E qual o melhor alvo de A1C para nossos pacientes?
Na falta de evidências conclusivas, uma única resposta correta parece não existir. Mais do que uma interpretação das diretrizes ao pé da letra, vale a discussão que as divergências trazem, levantando pontos importantes para uma avaliação equilibrada de riscos e benefícios de curto e longo prazo na escolha do melhor tratamento para cada indivíduo.
Como enfatizado na declaração do ACP, o potencial dano pelo tratamento desnecessariamente intensivo de pacientes vulneráveis é uma preocupação real. Por outro lado, a ADA declara preocupação quanto ao estímulo à inércia no tratamento, especialmente entre os pacientes mais jovens, visto que mesmo elevações modestas de glicose durante longos períodos de tempo aumentam substancialmente os riscos de retinopatia, insuficiência renal, neuropatia, amputações e eventos cardiovasculares 13.

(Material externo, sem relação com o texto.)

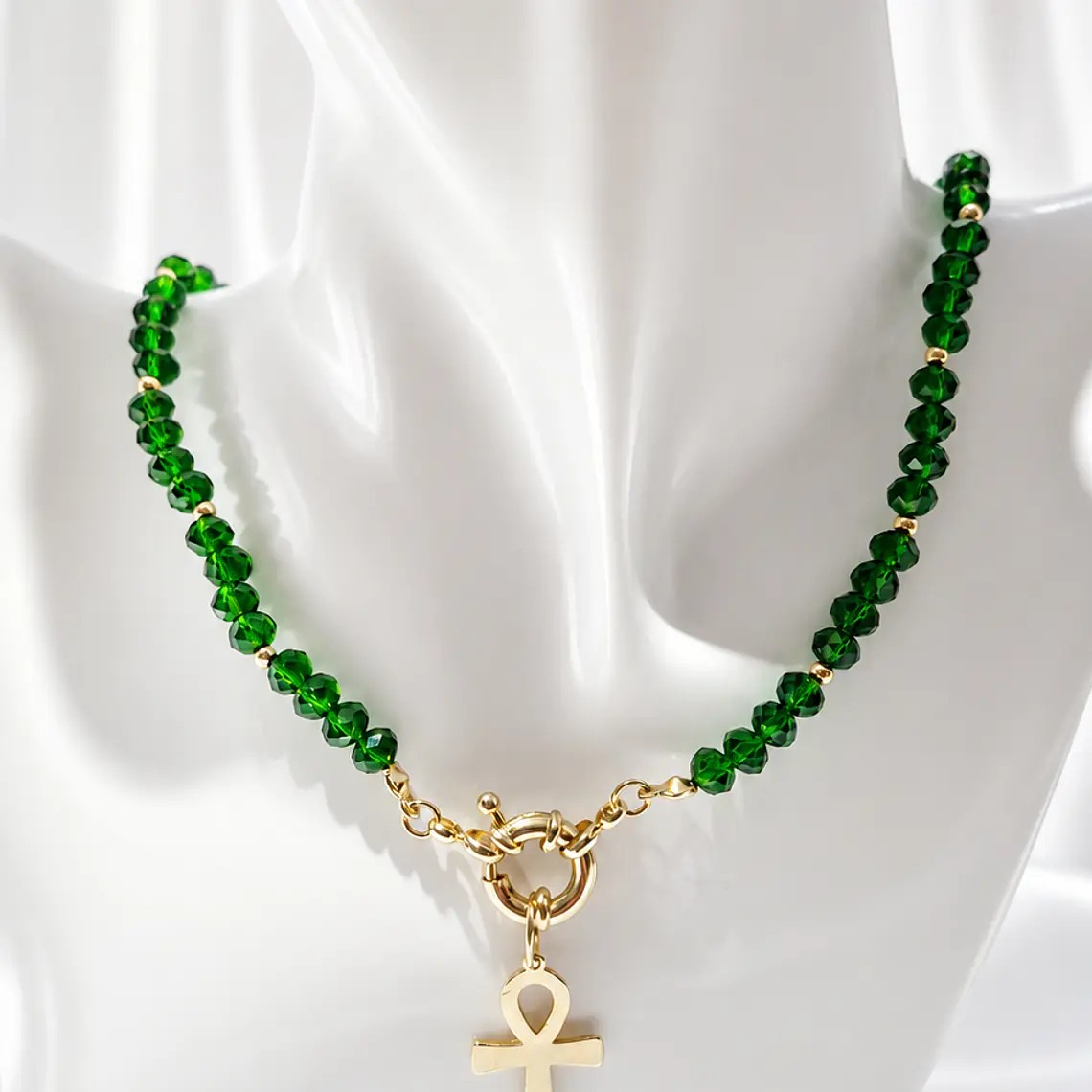 Collar Verde con Dije Ankh Dorado 1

A maioria das organizações médicas especializadas sugere que uma meta razoável de A1C para muitos adultos não gestantes é <7%, que metas mais rigorosas de A1C (como <6.5%) podem ser buscadas para indivíduos selecionados, desde que isso possa ser alcançado sem hipoglicemia significativa ou outros efeitos adversos do tratamento, e que metas menos rigorosas de A1C (como <8%) podem ser apropriadas para indivíduos de maior risco 13.
O médico deve assumir o compromisso de buscar o melhor controle glicêmico, equilibrando riscos, potenciais benefícios e implicações na qualidade de vida de seus pacientes, que muitas vezes precisam gerenciar múltiplas condições crônicas e medicamentos, não raro com limitação social e financeira.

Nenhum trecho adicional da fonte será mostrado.